(Saved data entries)
*** Block opens ***

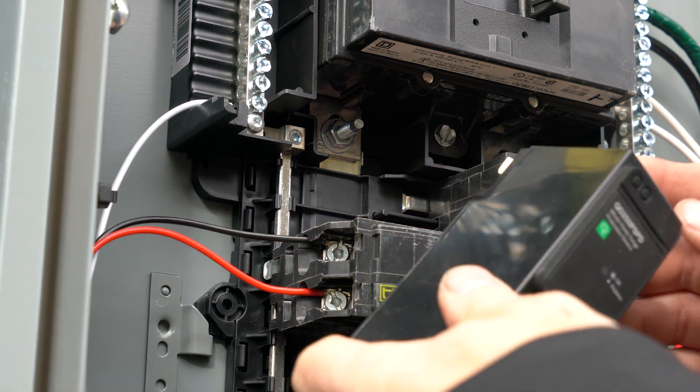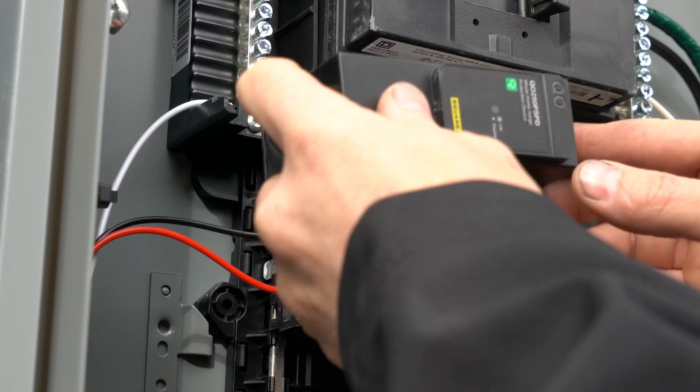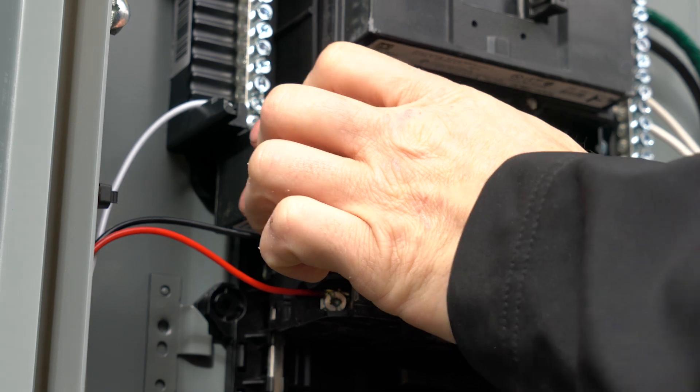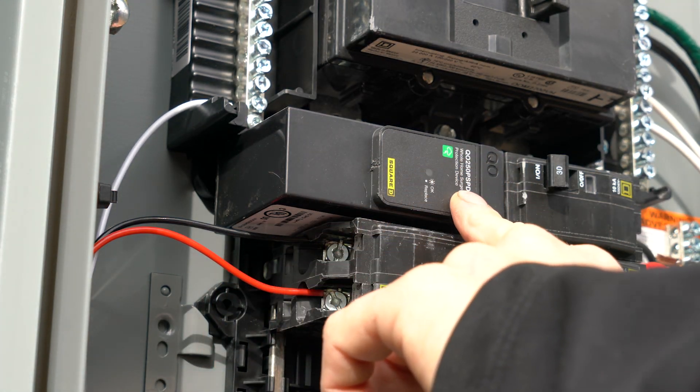Just like a two-pole breaker would. The great thing about this is that there are no leads - it just snaps right in. You don't have all of these conductors that you have to cut and strip out, and you don't have to put in a breaker and do all of that stuff. You just snap this thing in place and you're good to go. It has its own integral overcurrent protection, which means it's a Type 1 surge protector.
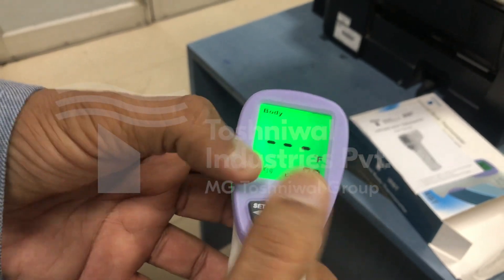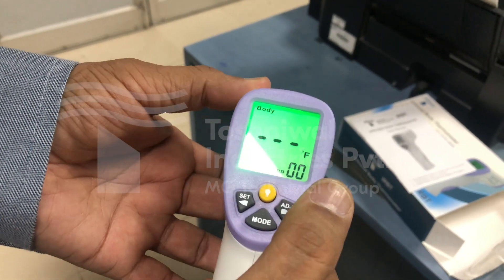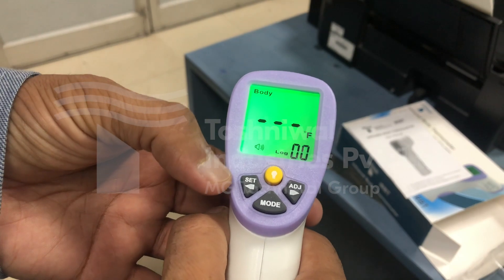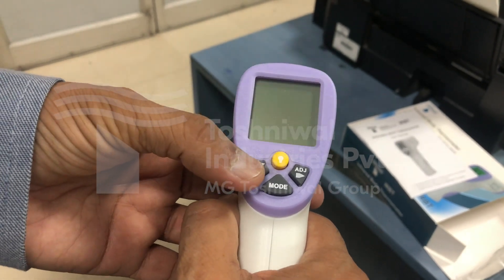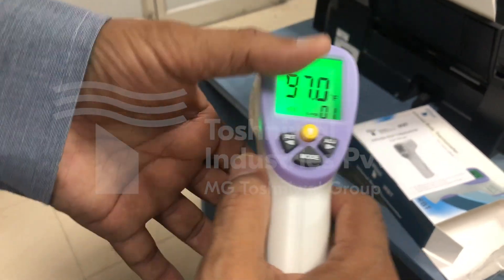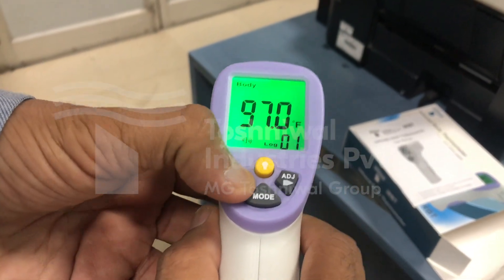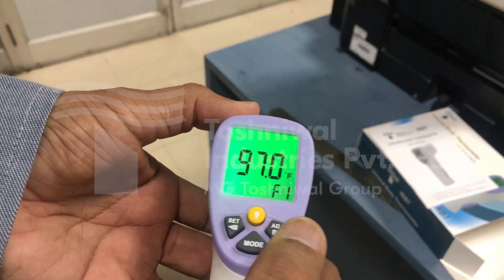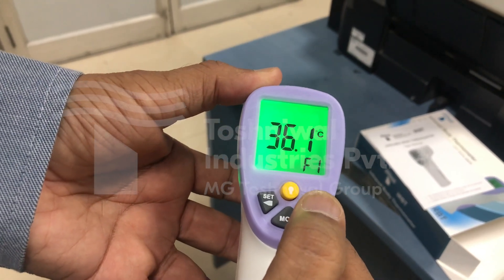We'll reset all the locks to zero. I've already selected degree Fahrenheit. If I want to change to degree centigrade, on pressing this the display gets on, and pressing this for two seconds I get F1, and I can change from degree centigrade to degree Fahrenheit.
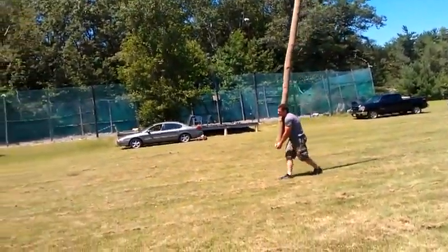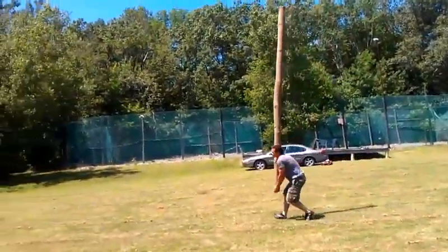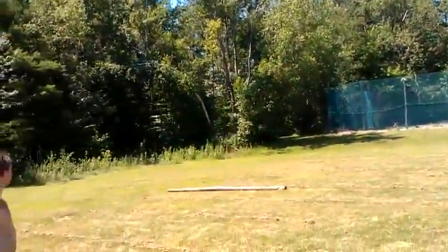Gets moving forward — get your balance, Shemek — and throws. Perfect flip.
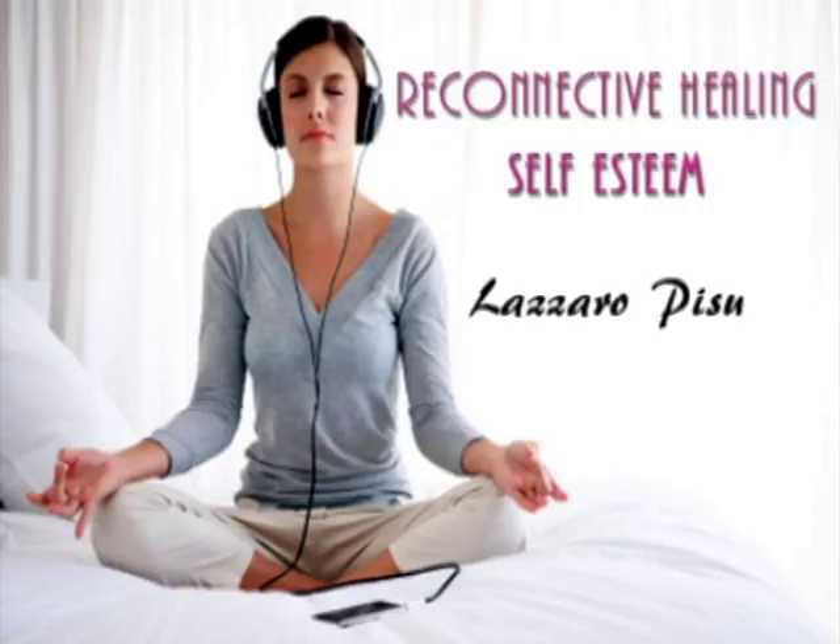Breathe in the calm. Continue to breathe slowly and gently, deepening your state of relaxation more and more with each breath, deeper and deeper, more and more relaxed. Calm and peace. You feel good and relaxed.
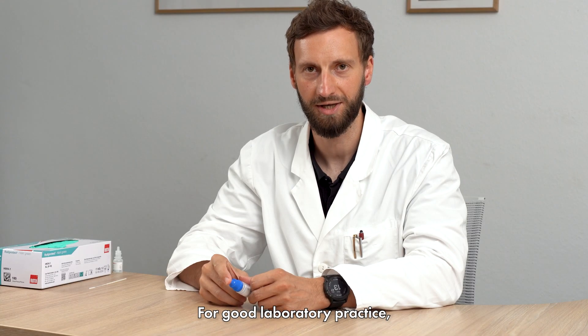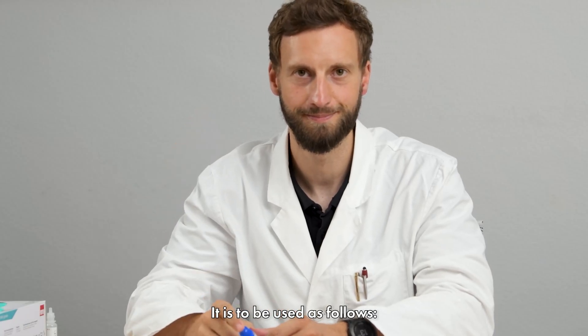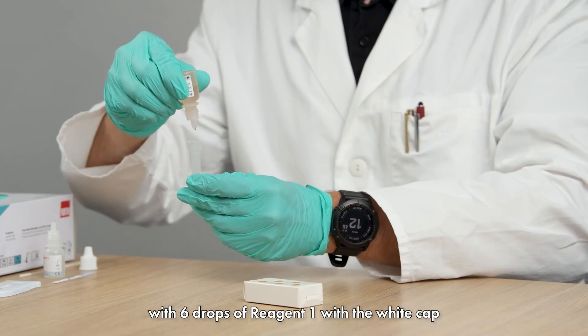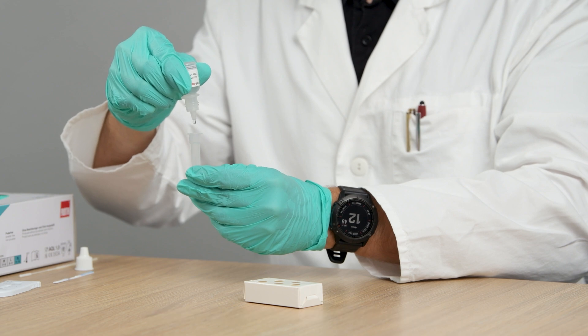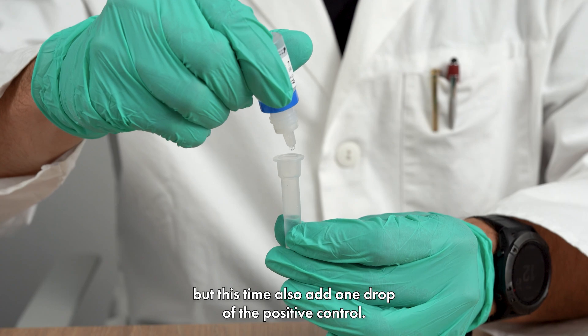For good laboratory practice, a positive control is also included with the test kit. It is to be used as follows. Mix the solutions again, as already demonstrated, with 6 drops of reagent 1 with the white cap, and 4 drops of reagent 2 with the red cap.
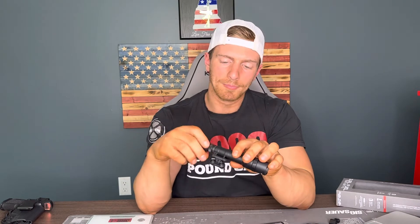Surefire also includes a removable end cap, so you can add a pressure plate or whatever you want to add to the back of that. It just screws right in. I have not yet got a pressure plate — I've been looking at the ones Surefire makes and will probably come to a decision pretty soon.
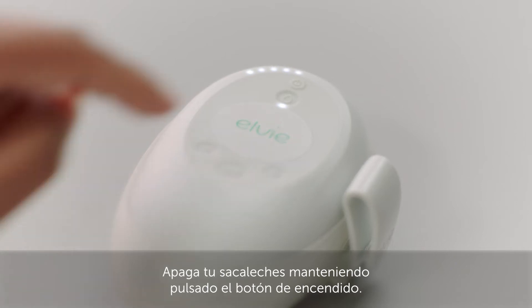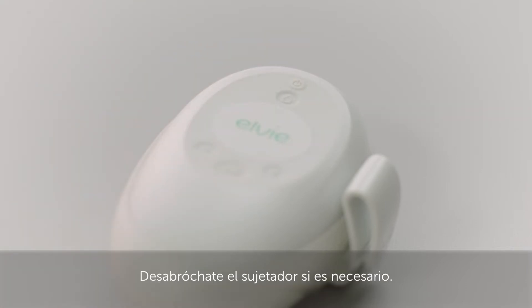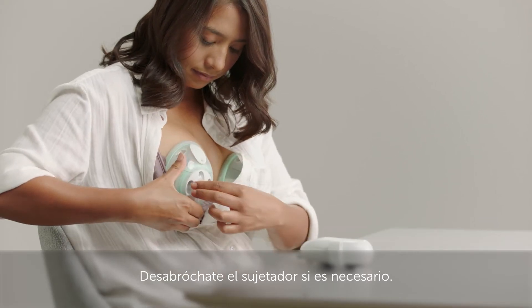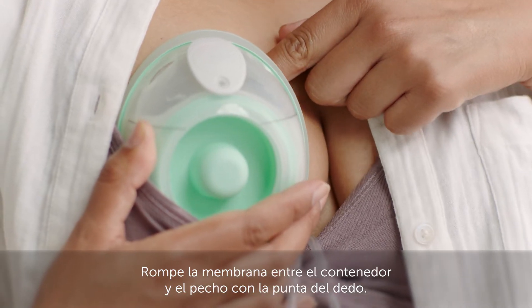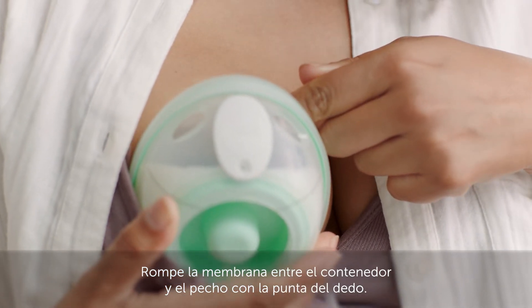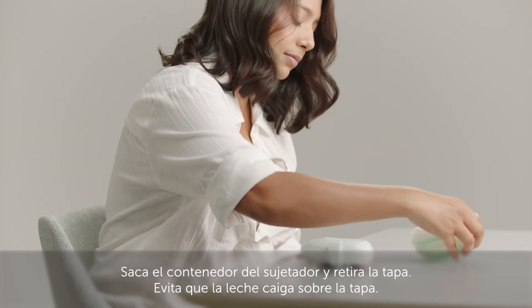Turn off your pump by pressing and holding the power button. Unclip your bra if you need to, remove the caps, and break the seal between the cup and your breast using a fingertip. Take the cup out of your bra, avoiding getting any milk on the caps.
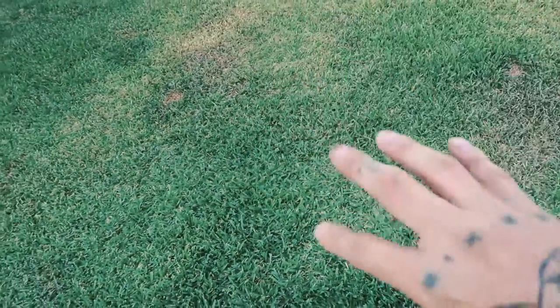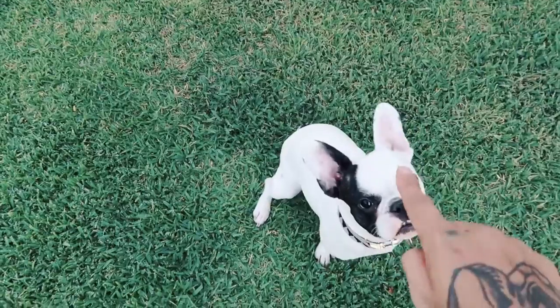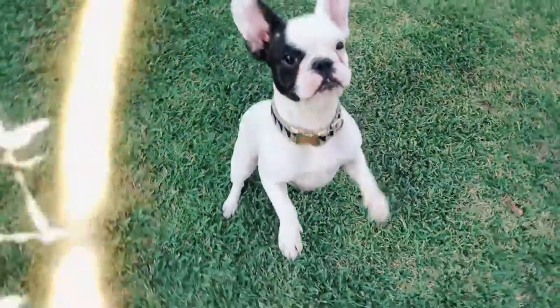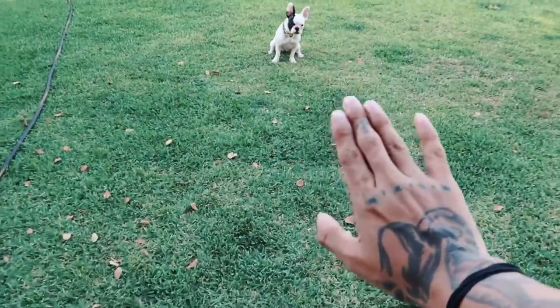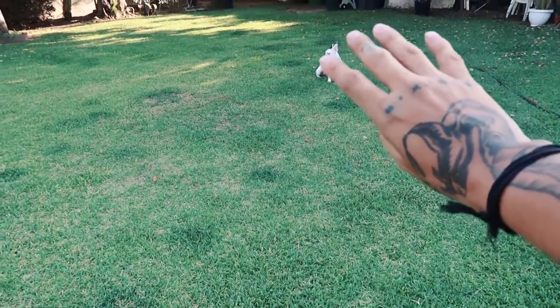The key to this is treats. To me it's all about hand signals — using your hand signals since the dog cannot hear. For sit, I go down here and she sits down. The second one I do is stay — and she usually stays.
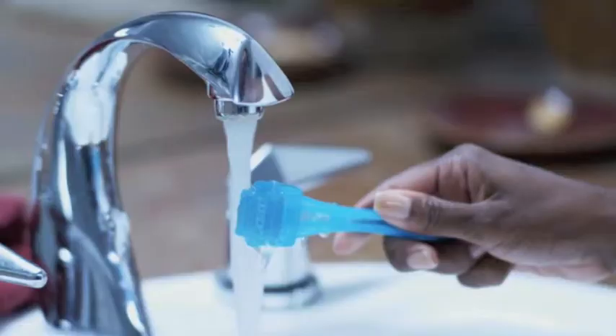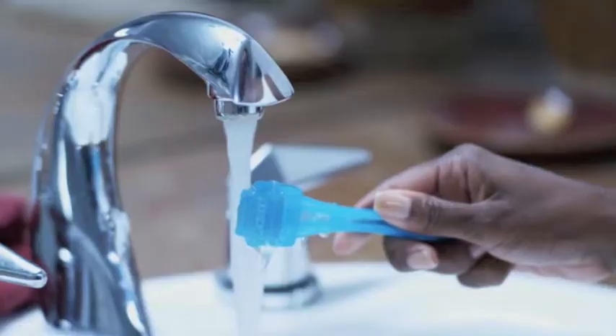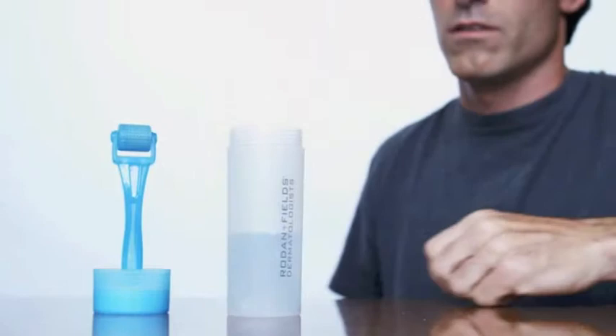After each use, rinse the AmpMD with very warm running water. We also recommend you use an AmpMD purification tablet to clean your tool two to three times a week.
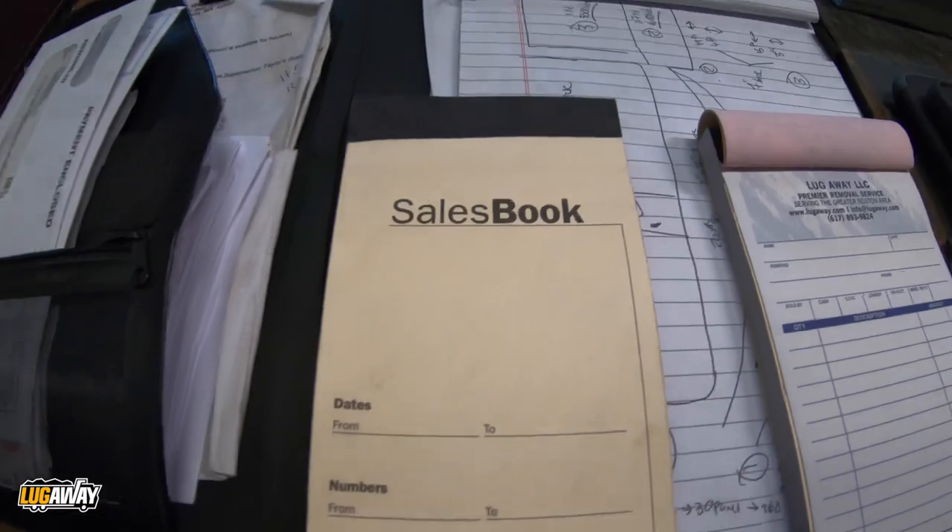Video on how to draw up an invoice — very short, very sweet. I'm going to get into some details, past the invoice record keeping and stuff like that. But the way I do it, it's not on an app, it's not on a computer program — it's old school, by the book. So this is what you've got right here: your sales book.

*** Block closes ***

Assignment
In the copy, leave out all pictures, and retype exactly each line from the one with "Surefire also includes" through the last line of the entries.

Solution
Surefire also includes a removable end cap, so you can add a pressure plate or whatever you want to add to the back of that. It just screws right in. I have not yet got a pressure plate — I've been looking at the ones Surefire makes and will probably come to a decision pretty soon.
Turn off your pump by pressing and holding the power button. Unclip your bra if you need to, remove the caps, and break the seal between the cup and your breast using a fingertip. Take the cup out of your bra, avoiding getting any milk on the caps.
The key to this is treats. To me it's all about hand signals — using your hand signals since the dog cannot hear. For sit, I go down here and she sits down. The second one I do is stay — and she usually stays.
After each use, rinse the AmpMD with very warm running water. We also recommend you use an AmpMD purification tablet to clean your tool two to three times a week.
Video on how to draw up an invoice — very short, very sweet. I'm going to get into some details, past the invoice record keeping and stuff like that. But the way I do it, it's not on an app, it's not on a computer program — it's old school, by the book. So this is what you've got right here: your sales book.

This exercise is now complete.